_What is expected_
From the listing that follows, reproduce only the lines from the one holding "1/3 Peças Chaveiro" through the one holding "An image of the late Dr David Code", both included, with no pictures.

=== Begin Enclosure ===

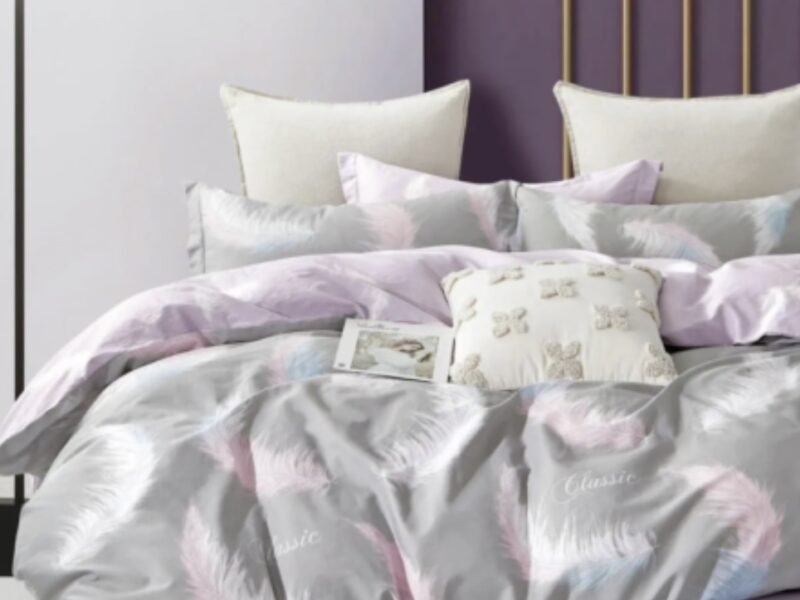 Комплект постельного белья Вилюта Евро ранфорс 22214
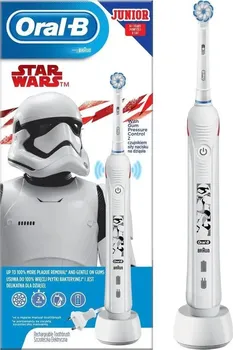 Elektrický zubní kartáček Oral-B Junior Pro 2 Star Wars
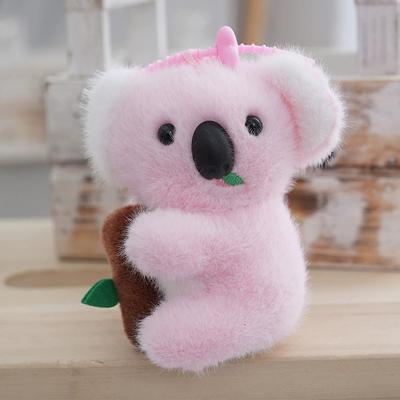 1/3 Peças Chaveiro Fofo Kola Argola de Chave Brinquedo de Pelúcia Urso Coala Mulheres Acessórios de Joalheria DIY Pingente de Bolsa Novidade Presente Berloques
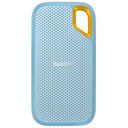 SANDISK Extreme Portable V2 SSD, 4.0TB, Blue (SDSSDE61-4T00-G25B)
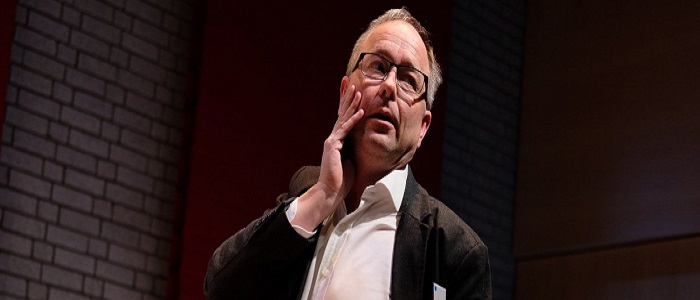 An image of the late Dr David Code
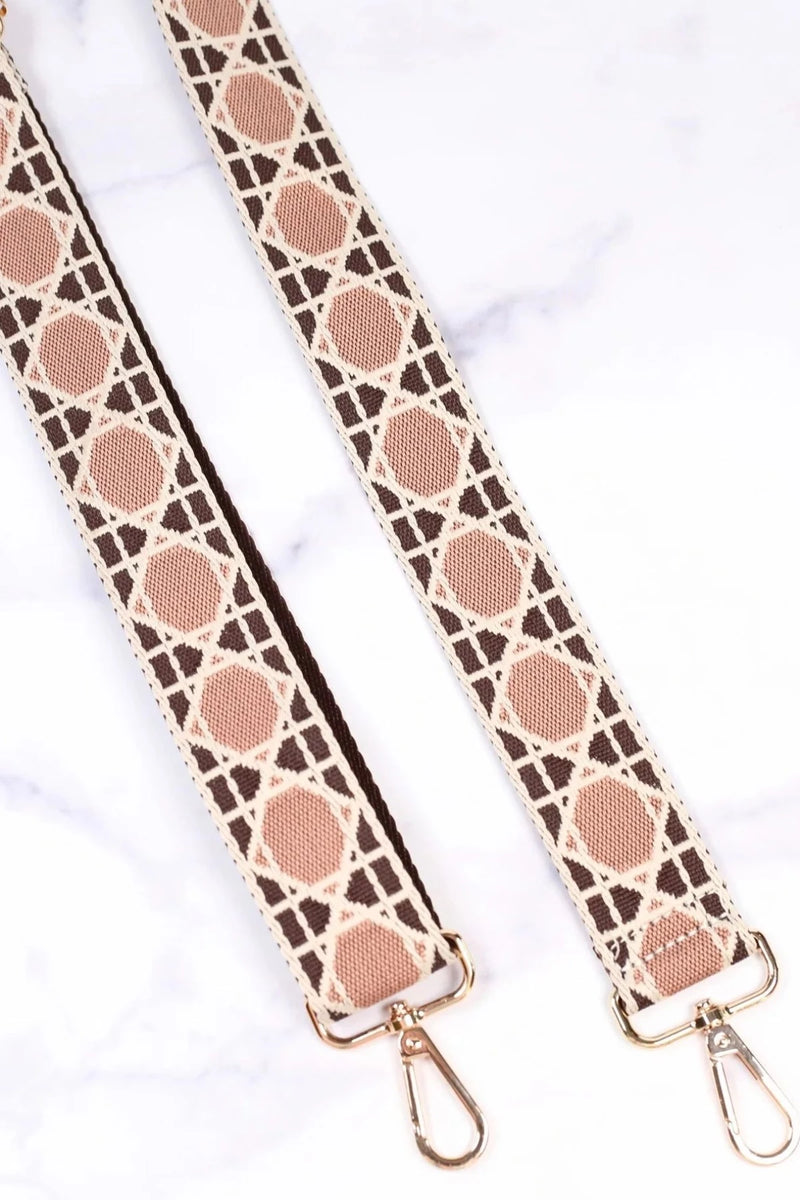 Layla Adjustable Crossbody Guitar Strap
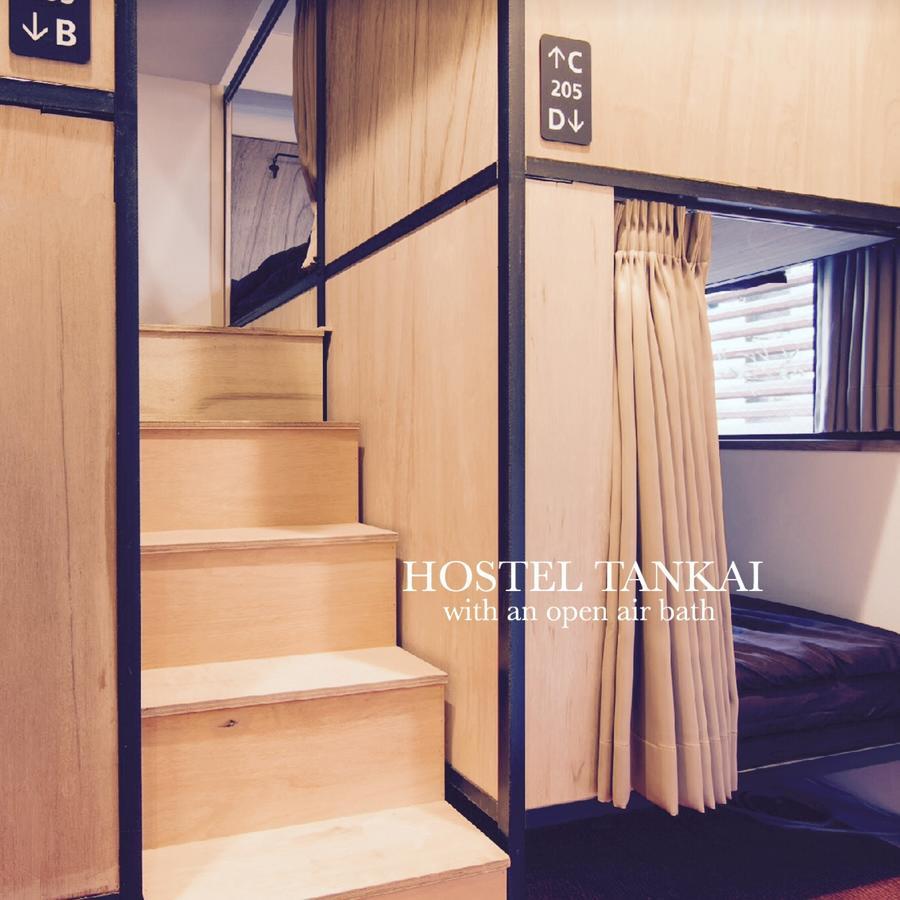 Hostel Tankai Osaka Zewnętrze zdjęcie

=== End Enclosure ===

_Response area_
 1/3 Peças Chaveiro Fofo Kola Argola de Chave Brinquedo de Pelúcia Urso Coala Mulheres Acessórios de Joalheria DIY Pingente de Bolsa Novidade Presente Berloques
 SANDISK Extreme Portable V2 SSD, 4.0TB, Blue (SDSSDE61-4T00-G25B)
 An image of the late Dr David Code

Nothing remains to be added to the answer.